- _EXERCISE AIM_
Transcribe nothing except the lines below that run from the one with "Professional Electric Nail" to the one with "setup shopify wholesale", ends included, and do not copy any picture.

*** Opening of DATA SECTION ***

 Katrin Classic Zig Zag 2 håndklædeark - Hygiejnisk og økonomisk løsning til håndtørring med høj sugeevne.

*** Close of DATA SECTION ***
*** Opening of DATA SECTION ***

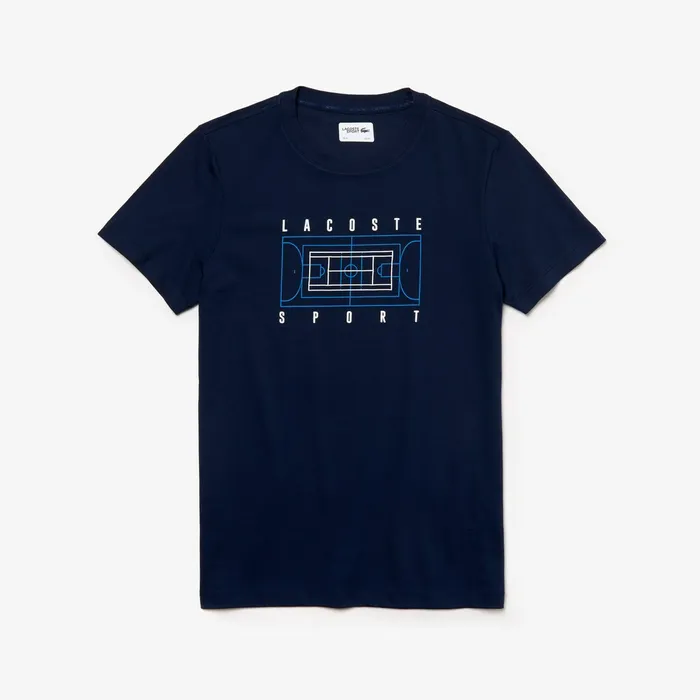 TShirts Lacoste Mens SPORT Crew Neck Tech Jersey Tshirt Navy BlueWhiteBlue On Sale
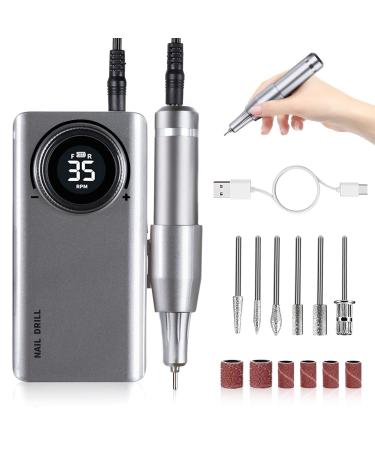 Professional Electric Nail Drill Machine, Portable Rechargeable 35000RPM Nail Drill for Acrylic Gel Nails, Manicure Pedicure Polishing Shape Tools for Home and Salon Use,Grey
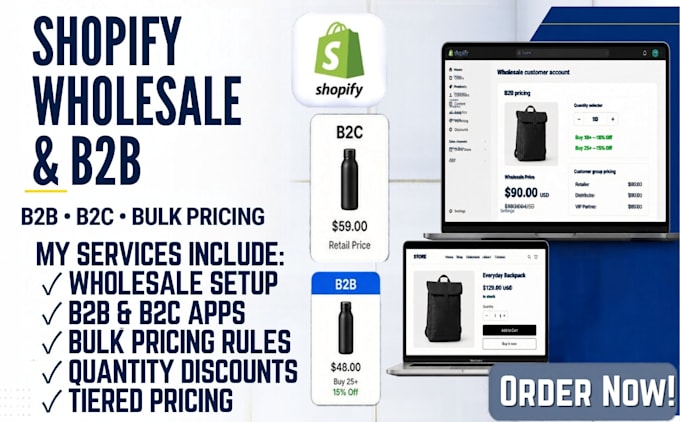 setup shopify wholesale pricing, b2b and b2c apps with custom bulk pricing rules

*** Close of DATA SECTION ***

- _RESULT_
 Professional Electric Nail Drill Machine, Portable Rechargeable 35000RPM Nail Drill for Acrylic Gel Nails, Manicure Pedicure Polishing Shape Tools for Home and Salon Use,Grey
 setup shopify wholesale pricing, b2b and b2c apps with custom bulk pricing rules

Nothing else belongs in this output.